Delgada, ojerosa y sin fuerzas, María recogió sus pertenencias y se mudó con su familia a un lugar remoto, con la esperanza de que el calor fuera beneficioso para su salud. Sin embargo, cada día empeoraba más: entre el flujo de sangre y su poca ingesta de comida, su cuerpo iba siendo consumido por la anemia. Mientras tanto, su esposo, Gabriel, viajaba tres horas a pie varias noches por semana para congregarse en una iglesia. Sentía una gran necesidad de Dios.
Un día, María trató de levantarse, pero sus huesos enfermos y sus débiles músculos se lo impidieron, y acabó cayéndose y golpeándose la cabeza. Permaneció tendida en el suelo hasta que Gabriel regresó a casa y sus hijos le señalaron el cuerpo de su madre. Él se echó sobre ella a llorar. Parecía ya muerta.

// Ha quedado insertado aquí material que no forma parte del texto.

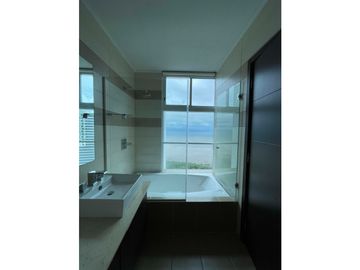 Se Vende Apartamento 205 Mts Costa del Este $465,000,oo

No se le notaba la respiración.
Gabriel intentaba describirme la desesperación que sintió, pero jamás podré plasmarla por escrito. Desesperado, salió al campo y, a cielo abierto, grito: «Señor, ¿dónde está tu palabra: Yo predico que tú sanas; por favor, sana a mi esposa». Sabía, en el fondo de su corazón, que el tono con el que hacía su reclamo no era correcto. Cuando entró a su humilde casita, tendió a su esposa sobre una hamaca y, postrado frente a ella, oró a Dios. Tras una hora de incesante oración de su esposo, se volvió a sentir la respiración de María. Dios había escuchado a aquel humilde campesino que no sabía leer pero que había puesto su confianza en él.

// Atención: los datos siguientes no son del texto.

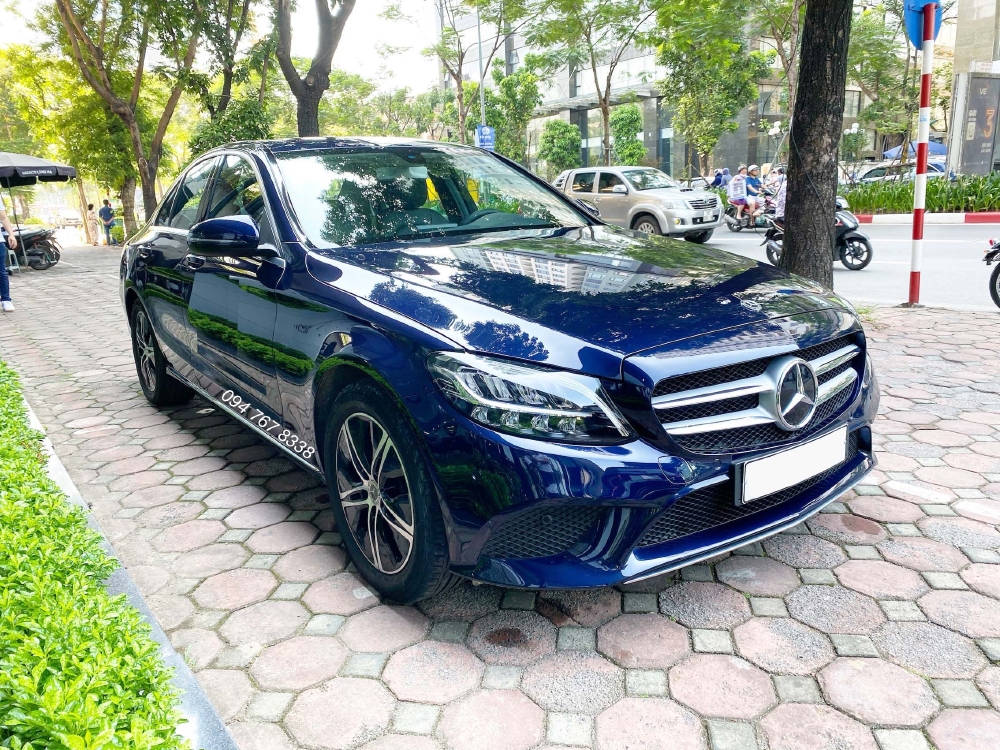Bán Mercedes C180 2020 màu Xanh biển đẹp chạy lướt cực mới giá tốt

Y tú, ¿estás poniendo tu confianza en Dios? «Bendito el hombre que confía en el Señor, y pone su confianza en él. Será como un árbol plantado junto al agua, que extiende sus raíces hacia la corriente; no teme que llegue el calor, y sus hojas están siempre verdes. En época de sequía no se angustia, y nunca deja de dar fruto» (Jer. 17:7-8, NVI).